Scheduled Copy of Data from Amazon S3 to Amazon Redshift Using AWS Data Pipeline

This article provides details on how to automate daily loading of an Amazon Redshift cluster from data that is being dumped to an Amazon Simple Storage Service (S3) bucket. The example uses Amazon CloudFront access logs that are stored in an Amazon S3 bucket. The data-driven workflow is managed by AWS Data Pipeline.

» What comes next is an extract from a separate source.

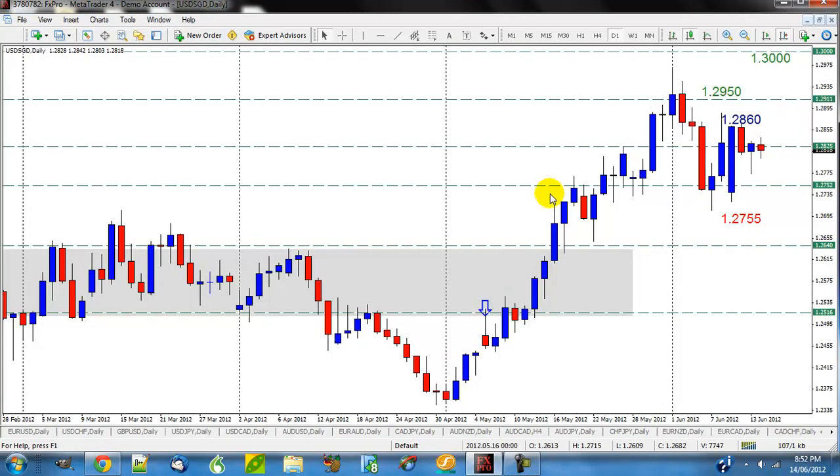Here's the other one, which is the US Dollar/Singapore Dollar. My stop's down here below this big bullish candle at $1.27.55. The buy stop is at $1.28.60.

Submitted By: Brett Hollman
AWS Products Used: Amazon CloudFront, AWS IAM, Amazon S3, Amazon Redshift, AWS Data Pipeline
Language(s): bash
Created On: July 10, 2013


This article provides details on how to automate daily loading of an Amazon Redshift cluster from data that is being dumped to an Amazon Simple Storage Service (S3) bucket. The example uses Amazon CloudFront access logs that are stored in an Amazon S3 bucket. The data-driven workflow is managed by AWS Data Pipeline. The article assumes that you have a Redshift Cluster that you have already deployed and you have a working knowledge of Identity and Access Management (IAM).

Topics:

Overview

Many customers have found Amazon Redshift to be an excellent repository and tool for storing and analyzing large datasets. An obstacle for many customers is getting their dataset into their Amazon Redshift cluster in a repeatable process as the dataset grows over time. The best way to ingest large amounts of data into Amazon Redshift is by copying this data from Amazon S3. When you use the Amazon S3 Copy command, each compute node in an Amazon Redshift cluster can load files into Amazon Redshift in parallel. The Copy command does not consume query resources from the leader node in the cluster and thus drain resources that are used for query and analytics. Copy also has a much higher throughput than performing inserts through the leader node in the Amazon Redshift cluster.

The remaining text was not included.